Here's my story: I was on a break from teaching, like every Tuesday, and actually spent the time of the attacks in blissful ignorance at the Rockwall Starbucks. I had CD's on in my car instead of the radio, so I totally missed the news on both the way over and the way back. I did hear someone listening to a radio on the patio and they were talking about "the second plane," but it didn't register with me at all. (It amazed me later that nobody walked inside and told us about it.)

When I got back to the school, the flute teacher stopped me in the hallway and asked me if all my students were being pulled out of school (evidently hers were). I said, "No, why?" and she told me what had happened. I spent the rest of the day like everyone else, in shocked, depressed amazement, catching the news when I could. There I was, not even two weeks into being a homeowner, and the world suddenly felt so different. It added to the pall cast over everything when I found out that the sister of a girl I graduated from high school with was on Flight 93, the one that crashed in a field in Pennsylvania.
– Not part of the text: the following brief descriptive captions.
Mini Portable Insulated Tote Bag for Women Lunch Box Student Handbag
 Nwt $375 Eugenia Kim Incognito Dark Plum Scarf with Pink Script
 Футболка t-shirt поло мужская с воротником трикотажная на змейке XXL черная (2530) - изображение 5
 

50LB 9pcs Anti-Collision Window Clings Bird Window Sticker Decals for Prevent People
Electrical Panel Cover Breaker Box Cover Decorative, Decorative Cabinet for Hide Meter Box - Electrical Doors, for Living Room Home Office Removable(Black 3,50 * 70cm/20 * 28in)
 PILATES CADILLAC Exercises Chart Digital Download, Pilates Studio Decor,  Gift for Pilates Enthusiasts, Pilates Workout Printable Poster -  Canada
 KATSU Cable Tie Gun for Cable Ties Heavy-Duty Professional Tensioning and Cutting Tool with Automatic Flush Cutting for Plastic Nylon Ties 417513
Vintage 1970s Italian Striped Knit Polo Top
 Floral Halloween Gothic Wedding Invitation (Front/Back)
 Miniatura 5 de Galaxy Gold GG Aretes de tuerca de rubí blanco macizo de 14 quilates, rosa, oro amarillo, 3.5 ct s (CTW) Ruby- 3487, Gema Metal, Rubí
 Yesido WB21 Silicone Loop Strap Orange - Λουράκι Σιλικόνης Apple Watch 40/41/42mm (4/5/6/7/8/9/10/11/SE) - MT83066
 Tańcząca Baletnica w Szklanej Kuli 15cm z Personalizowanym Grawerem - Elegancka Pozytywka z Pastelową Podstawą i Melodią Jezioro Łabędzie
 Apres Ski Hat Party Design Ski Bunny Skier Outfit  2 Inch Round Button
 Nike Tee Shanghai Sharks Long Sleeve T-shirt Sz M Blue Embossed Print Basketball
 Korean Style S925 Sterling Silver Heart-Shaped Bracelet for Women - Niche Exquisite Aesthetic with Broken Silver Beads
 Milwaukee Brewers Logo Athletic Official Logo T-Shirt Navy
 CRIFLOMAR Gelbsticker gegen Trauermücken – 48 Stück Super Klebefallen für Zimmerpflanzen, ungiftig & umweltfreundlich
The whole thing felt so surreal; how could anyone hate us that much? The concept of the suicide hijacking was unprecedented as well (before that, hijackers just usually wanted to go to Cuba, and that's why airline personnel were taught to cooperate with them rather than try to subdue them).

I know there are still terrorist plots being hatched, and people capable of carrying them out...but I hope nothing like this ever happens on U.S. soil again. Or anywhere, for that matter.

Matt said...

I was in Spanish when someone ran into the classroom and told us all. What was worse is that the administration forced the teachers to continue teaching and instructed them not to talk about it. So we all just sat in class till school was let out. They of course canceled all after school activities. But I thought it was dumb that we had to continue learning as if nothing had happened.

Kev said...

That's why I'm glad I work in a school district but not for a school district, since no such verbal shackles were placed on me. I didn't bring it up myself with anyone, but several students did, and one particularly insightful eighth-grader made the great point that it was ridiculous for parents out here to be taking their kids out of school, because the chances of terrorists striking Rowlett were very, very slim (besides, what would they strike...the water tower?).

James said...

When the September 11 attacks happened, I didn't really have any friends at all in America. I didn't know anyone at all over there. So to hear all this is pretty mind blowing.

I mean, don't get me wrong, Australia's heart went out to you guys so much. But I don't think we could ever sympathise enough with you. It's kinda like a family member dying, and we're the friends. You guys were distraught that so many family members died, and we just had to stand back, put our arm around you and support you when we could. But I don't think we could ever know exactly how you, as a nation, felt on that day.

Kev said...

James, I hope you guys never have to feel what we felt on that day. Seeing as how it was the first attack by foreigners on U.S. soil since Pearl Harbor in 1941 (which, obviously, was before the bulk of the people in this country were born), it was like nothing we had ever seen before...nor hope to ever again.